Nicotine induces pro-inflammatory response in aortic vascular smooth muscle cells through a NFκB/osteopontin amplification loop-dependent pathway.

Author information

1
Department of Cardiovascular Surgery, RenJi Hospital of Shanghai Jiaotong University, Shanghai, 200127, People's Republic of China.

Abstract

Nicotine has anti- and pro-inflammatory properties in various cells. Its role in aortic vascular smooth muscle cells (VSMC) was explored. Human aortic VSMC were cultured. After nicotine (1.0 μM) and/or pyrrolidinedithiocarbamic acid (PDTC, 50 μM) treatment, the activation of nuclear factor κB (NFκB) was investigated. The levels of pro-inflammatory cytokines, osteopontin (OPN), interleukin-6 (IL-6), and monocyte chemoattractant protein 1 (MCP-1) were also assessed. After OPN was downregulated by small interfering RNA (siRNA) transfection, the pro-inflammatory effect was reassessed.
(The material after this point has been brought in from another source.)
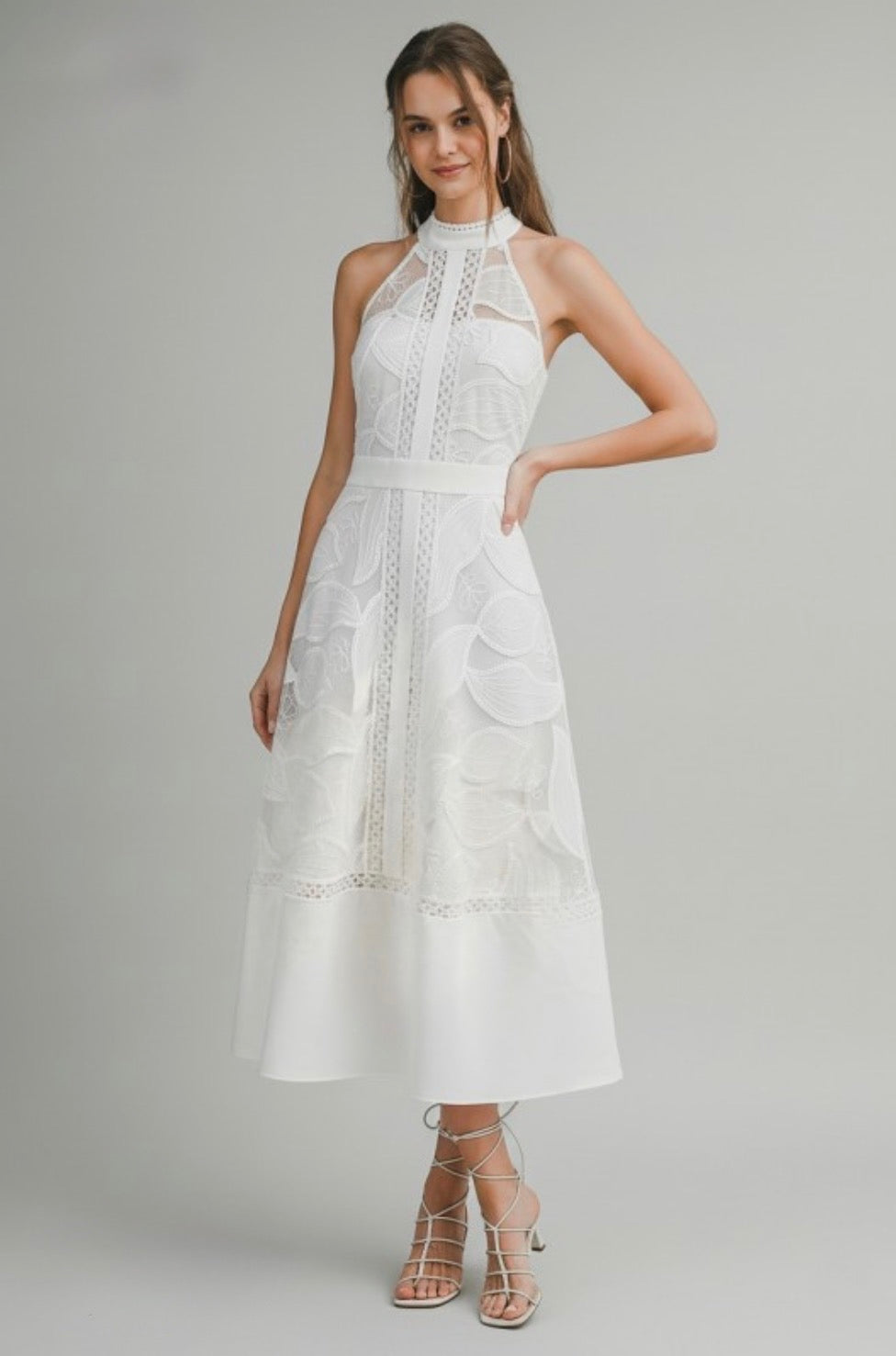 VESTIDO SM MIDI CUELLO ALTO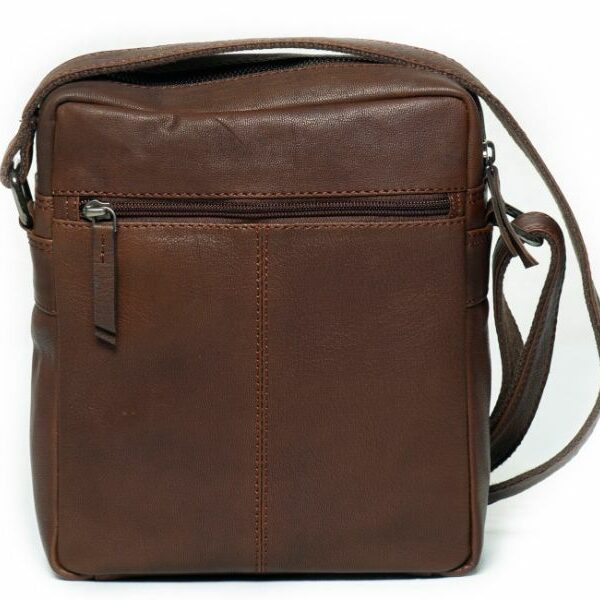 Bolso PRIVATA · Bandolera Grande Piel - MARRON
We found that NFκB was activated after nicotine administration. Nicotine upregulated OPN, IL-6, and MCP-1 expressions, and this effect attenuated after PDTC pretreatment. RNAi knocked down the OPN expression in nicotine-treated cells and abolished its pro-inflammatory effects. We concluded that nicotine induces a pro-inflammatory response in VSMC through a NFκB/osteopontin amplification loop-dependent pathway.

PMID:
21494800
DOI:
10.1007/s10753-011-9324-6
[Indexed for MEDLINE]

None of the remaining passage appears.